Impossible for us to say without more data, but there are normal processes that can cause this.

and should I be worried?

Sloppiness is a more likely explanation than maliciousness, so, not deeply.

Are there more permission numbers that are to be avoided (outside 777 and 775)?

The numbers have meaning, and it's the meaning you need to worry about.

7 is octal for '111' which maps to 'rwx' and means 'read: yes, write: yes, execute: yes!'

5 is octal for '101' which maps to 'r-x' and means 'read: yes, write: no, execute: yes!'

You were told 777 is problematic because each digit means a different set of users: user, group, and other. 7 in the third digit means that other ('everyone not already specified') can write to the file, which is often a bad thing, because you shouldn't trust absolutely every user (including service and software users) on your system. Especially if they're writing to a program or a library that gets loaded into a program, they can make you execute malicious code.

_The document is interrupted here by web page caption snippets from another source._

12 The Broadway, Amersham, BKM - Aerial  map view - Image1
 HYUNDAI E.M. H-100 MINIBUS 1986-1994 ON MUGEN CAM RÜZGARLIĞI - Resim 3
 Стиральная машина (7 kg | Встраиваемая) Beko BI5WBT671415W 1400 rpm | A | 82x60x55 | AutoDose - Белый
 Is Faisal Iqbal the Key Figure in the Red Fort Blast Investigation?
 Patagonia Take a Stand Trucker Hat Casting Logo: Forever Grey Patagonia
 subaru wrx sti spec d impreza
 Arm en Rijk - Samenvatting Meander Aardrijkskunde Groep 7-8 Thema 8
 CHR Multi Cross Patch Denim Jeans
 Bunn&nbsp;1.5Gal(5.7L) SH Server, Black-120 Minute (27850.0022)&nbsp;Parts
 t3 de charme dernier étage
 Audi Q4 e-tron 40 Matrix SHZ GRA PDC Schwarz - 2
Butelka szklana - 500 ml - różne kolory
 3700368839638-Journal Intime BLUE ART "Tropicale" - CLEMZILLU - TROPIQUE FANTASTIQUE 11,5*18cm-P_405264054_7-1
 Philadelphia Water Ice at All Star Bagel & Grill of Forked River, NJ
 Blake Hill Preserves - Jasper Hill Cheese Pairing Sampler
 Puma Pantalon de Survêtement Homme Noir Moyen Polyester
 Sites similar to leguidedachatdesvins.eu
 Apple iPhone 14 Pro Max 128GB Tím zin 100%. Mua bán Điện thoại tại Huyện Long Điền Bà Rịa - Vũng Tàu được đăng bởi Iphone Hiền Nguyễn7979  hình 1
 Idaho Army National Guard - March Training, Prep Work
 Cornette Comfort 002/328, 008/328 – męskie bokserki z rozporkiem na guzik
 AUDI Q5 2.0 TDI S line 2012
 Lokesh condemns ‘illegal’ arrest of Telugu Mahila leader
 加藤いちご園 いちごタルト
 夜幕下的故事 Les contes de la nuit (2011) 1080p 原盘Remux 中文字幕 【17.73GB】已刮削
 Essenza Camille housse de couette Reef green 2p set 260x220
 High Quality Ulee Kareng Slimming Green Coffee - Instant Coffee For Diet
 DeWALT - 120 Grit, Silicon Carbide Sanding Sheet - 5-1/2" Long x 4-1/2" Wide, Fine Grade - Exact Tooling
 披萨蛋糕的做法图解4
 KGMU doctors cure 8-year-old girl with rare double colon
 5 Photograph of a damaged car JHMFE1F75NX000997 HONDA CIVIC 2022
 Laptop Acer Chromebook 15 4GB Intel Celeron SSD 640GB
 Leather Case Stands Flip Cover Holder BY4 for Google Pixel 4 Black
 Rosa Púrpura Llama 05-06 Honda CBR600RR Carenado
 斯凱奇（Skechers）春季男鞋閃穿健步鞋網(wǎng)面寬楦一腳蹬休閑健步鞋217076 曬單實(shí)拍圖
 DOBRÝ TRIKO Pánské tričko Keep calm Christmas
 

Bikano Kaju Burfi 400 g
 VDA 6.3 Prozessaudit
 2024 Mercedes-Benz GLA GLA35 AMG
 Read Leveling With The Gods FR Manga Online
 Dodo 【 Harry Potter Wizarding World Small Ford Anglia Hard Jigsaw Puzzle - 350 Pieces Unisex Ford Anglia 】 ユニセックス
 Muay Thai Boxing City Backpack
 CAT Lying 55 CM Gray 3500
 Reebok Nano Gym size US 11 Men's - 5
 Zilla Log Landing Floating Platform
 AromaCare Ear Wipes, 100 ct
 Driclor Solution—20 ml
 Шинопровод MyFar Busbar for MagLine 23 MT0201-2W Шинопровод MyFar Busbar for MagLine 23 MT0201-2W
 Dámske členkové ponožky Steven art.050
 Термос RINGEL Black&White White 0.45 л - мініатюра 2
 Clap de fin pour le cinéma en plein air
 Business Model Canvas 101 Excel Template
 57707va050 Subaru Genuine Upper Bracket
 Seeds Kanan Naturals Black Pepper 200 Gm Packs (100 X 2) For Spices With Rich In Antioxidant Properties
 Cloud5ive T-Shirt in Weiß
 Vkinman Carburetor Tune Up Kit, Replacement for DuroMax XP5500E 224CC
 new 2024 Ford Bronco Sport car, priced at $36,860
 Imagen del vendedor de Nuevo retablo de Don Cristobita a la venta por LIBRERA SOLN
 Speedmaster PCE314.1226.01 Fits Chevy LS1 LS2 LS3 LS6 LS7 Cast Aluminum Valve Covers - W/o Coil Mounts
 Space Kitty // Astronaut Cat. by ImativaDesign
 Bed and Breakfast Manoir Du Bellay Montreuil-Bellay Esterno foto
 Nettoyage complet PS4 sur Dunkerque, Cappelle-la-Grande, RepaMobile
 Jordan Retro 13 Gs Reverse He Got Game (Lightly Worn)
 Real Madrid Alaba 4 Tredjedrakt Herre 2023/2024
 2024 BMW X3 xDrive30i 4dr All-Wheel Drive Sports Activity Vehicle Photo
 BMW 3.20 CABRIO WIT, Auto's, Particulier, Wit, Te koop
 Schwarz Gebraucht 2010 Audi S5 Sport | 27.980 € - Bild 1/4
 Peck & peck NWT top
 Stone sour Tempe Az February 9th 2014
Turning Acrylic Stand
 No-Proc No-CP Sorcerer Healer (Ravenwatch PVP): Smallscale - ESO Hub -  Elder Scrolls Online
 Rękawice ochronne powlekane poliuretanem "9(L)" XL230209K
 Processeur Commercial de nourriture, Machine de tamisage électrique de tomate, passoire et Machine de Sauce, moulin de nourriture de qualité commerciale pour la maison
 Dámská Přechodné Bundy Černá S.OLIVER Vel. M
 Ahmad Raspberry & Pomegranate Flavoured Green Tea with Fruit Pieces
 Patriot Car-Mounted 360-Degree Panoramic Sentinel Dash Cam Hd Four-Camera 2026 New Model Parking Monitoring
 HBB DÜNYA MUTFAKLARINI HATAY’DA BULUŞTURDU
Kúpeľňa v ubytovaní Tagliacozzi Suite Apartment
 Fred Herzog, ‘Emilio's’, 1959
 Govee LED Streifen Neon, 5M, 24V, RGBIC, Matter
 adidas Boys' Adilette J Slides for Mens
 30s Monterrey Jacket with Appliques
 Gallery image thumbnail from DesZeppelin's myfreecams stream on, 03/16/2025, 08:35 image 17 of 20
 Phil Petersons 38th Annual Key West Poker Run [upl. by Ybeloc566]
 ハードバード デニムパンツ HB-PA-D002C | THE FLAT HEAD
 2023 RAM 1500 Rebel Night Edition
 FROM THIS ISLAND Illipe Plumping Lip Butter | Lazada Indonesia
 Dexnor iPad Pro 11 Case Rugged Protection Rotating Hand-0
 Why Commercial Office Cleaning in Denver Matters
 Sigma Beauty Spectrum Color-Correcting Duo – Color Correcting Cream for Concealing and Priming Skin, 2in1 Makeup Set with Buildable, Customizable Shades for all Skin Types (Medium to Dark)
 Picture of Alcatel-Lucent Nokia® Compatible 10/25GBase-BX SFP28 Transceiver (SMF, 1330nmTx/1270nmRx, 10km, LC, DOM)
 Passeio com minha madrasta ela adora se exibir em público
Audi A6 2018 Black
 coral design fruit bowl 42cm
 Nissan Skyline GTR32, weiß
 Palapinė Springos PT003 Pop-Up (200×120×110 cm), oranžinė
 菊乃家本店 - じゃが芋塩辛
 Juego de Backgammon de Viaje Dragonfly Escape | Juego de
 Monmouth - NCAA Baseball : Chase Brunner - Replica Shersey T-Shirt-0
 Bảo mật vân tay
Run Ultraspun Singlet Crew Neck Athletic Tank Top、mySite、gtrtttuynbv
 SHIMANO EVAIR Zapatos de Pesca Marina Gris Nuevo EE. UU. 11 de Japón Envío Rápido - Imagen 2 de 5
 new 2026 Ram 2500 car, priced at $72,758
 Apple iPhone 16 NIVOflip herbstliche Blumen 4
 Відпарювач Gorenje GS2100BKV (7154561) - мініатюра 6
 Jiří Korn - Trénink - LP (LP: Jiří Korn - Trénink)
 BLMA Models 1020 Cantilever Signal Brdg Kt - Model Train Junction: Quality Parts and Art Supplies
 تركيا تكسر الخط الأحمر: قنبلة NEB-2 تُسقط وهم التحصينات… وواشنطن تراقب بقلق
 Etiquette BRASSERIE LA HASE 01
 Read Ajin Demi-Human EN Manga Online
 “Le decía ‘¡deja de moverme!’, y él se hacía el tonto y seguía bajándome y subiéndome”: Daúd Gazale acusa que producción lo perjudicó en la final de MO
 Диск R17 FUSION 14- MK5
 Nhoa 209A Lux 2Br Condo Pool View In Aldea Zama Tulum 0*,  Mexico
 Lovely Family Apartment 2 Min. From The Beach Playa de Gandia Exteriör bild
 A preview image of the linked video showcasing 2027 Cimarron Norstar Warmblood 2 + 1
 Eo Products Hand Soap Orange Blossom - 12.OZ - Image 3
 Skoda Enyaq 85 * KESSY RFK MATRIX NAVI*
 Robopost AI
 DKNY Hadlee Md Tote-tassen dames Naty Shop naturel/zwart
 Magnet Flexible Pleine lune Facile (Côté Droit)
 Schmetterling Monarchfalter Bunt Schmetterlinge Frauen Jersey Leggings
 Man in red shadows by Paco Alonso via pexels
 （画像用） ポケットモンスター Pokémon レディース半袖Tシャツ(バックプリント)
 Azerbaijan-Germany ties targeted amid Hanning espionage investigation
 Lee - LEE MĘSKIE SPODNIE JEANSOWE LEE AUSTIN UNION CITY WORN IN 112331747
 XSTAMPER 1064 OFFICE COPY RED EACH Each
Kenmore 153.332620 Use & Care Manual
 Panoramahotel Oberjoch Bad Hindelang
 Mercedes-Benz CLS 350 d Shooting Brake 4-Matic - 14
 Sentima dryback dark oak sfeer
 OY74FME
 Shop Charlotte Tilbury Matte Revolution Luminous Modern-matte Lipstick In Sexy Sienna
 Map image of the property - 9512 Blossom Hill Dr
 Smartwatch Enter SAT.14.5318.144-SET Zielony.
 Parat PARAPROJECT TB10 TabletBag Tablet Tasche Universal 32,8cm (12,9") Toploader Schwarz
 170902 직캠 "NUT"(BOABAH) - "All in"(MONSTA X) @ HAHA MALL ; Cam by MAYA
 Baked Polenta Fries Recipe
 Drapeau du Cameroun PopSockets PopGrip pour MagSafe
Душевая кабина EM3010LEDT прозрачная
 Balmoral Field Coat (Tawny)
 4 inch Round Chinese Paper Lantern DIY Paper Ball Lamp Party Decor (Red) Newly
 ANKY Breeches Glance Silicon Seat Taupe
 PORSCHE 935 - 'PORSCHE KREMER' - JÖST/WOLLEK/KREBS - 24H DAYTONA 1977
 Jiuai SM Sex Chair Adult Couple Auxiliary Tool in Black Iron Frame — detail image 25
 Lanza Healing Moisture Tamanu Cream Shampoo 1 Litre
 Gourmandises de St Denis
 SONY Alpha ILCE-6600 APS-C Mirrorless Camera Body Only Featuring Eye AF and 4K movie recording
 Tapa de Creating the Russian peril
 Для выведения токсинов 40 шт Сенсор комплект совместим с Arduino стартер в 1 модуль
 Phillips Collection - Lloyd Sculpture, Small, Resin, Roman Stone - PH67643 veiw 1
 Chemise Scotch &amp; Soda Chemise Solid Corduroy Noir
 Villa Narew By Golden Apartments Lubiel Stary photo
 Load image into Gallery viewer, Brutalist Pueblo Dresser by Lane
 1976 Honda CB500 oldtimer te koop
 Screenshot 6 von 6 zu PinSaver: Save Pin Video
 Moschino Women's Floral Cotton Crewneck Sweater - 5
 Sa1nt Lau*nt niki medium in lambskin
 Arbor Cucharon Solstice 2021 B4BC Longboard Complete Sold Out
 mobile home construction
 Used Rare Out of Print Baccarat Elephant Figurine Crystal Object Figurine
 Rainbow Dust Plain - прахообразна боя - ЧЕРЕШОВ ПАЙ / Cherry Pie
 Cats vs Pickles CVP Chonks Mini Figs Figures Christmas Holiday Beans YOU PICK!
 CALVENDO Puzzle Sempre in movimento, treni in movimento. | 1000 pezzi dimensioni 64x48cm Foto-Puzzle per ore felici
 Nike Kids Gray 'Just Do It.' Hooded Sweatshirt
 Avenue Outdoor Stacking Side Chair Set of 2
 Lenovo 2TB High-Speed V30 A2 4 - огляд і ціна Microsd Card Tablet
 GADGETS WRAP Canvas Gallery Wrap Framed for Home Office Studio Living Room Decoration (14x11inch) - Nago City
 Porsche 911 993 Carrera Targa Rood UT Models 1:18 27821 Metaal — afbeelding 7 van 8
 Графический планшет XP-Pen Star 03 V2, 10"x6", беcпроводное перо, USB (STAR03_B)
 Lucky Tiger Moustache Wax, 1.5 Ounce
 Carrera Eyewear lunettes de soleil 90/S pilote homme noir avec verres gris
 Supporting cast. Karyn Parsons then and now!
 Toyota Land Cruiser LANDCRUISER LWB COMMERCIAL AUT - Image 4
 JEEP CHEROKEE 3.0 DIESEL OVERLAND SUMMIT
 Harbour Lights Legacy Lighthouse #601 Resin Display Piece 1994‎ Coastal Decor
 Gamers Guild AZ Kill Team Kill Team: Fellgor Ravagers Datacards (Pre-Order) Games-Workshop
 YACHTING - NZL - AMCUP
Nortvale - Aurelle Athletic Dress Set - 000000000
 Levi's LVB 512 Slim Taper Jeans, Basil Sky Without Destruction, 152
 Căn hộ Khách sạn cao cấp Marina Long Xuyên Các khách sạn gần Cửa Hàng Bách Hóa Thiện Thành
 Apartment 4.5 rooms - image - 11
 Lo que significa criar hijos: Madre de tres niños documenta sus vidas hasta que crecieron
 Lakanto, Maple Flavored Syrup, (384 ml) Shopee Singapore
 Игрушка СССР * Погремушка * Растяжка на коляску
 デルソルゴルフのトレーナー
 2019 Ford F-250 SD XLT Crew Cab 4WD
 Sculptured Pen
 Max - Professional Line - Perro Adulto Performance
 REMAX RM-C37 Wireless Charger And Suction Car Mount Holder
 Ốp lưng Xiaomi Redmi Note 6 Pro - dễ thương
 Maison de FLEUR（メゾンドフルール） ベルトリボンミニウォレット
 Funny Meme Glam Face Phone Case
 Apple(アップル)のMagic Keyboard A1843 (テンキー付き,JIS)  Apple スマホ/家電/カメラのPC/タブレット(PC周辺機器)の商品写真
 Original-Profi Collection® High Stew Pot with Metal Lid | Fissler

Likewise, a 7 in the second digit can be a bad thing if you don't trust the group that it's granting write access to.

Is there any more efficient way to check and/or correct bad permissions on a system scale?

The best way is to use your distribution tools; see this answer which was written around SUID/SGID concerns but is equally valid for loose write permissions. Note that this will not catch the most likely cause of accidental looseness, which is installing software modules (e.g., with pip rather than apt) with a non-restrictive umask set for that user.